Fernando Vilches
La condición humana
Cuando escribo estas líneas, antes de abandonar Madrid, estoy sobrecogido por varios acontecimientos. La muerte de una mujer joven en trágicas circunstancias que deja un hijo pequeño y un marido consternado. La muerte de las estudiantes erasmus en el accidente de autobús y el múltiple atentado de Bruselas con un número elevado de muertos y heridos: en todos los casos, vidas inocentes arrancadas de esta tierra irracionalmente, sin poder escribir ya la intrahistoria de sus vidas y otro número aun mayor de seres queridos cuyas vidas han muerto también un poco con la desaparición de estos. Hace poco escribía también aquí de la muerte de mi «hermano» Juan Manuel cuya vida estaba llena de amor y de futuro y que un infarto fulminante la truncó.

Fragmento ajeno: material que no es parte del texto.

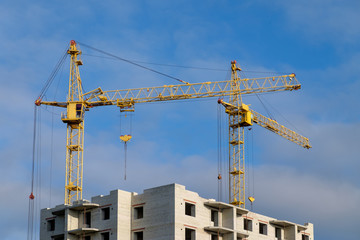 tower crane at a construction site on a Sunny day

Estos son, a mi juicio, los verdaderos momentos importantes de nuestra existencia. Y, en lugar de aprender de estas terribles experiencias, que nos dicen que en un segundo pueden cambiar nuestras vidas de forma radical y sin posibilidad de una segunda oportunidad, nos devanamos los sesos en complicarnos la vida de forma inútil e innecesaria. Y dejamos de decir «te quiero» a nuestra gente. Al menos, quienes como yo creemos en Dios (y en el bicarbonato, en mi caso), pensamos que ninguna vida ha sido en vano. Que todos hemos venido al mundo con un proyecto del Padre Eterno bajo el brazo, de mayor o menor duración, pero no exento de motivo. Los cristianos, pese a los ignorantes y llenos de rencor de muchos de Podemos, habremos celebrado estos días nuestra Semana grande, esa en la que un humilde carpintero, Hijo de Dios, decidió tirar por el camino más complicado y más hermoso: dar la vida por los seres queridos. ¡Feliz culpa, la que mereció tal Redentor! Y algunos, mientras, vendiendo la primogenitura y más cien años de historia por un plato de presidencia. Lástima de objetivo tan pueril. ¡Felices Pascuas! a los lectores de LA RAZÓN.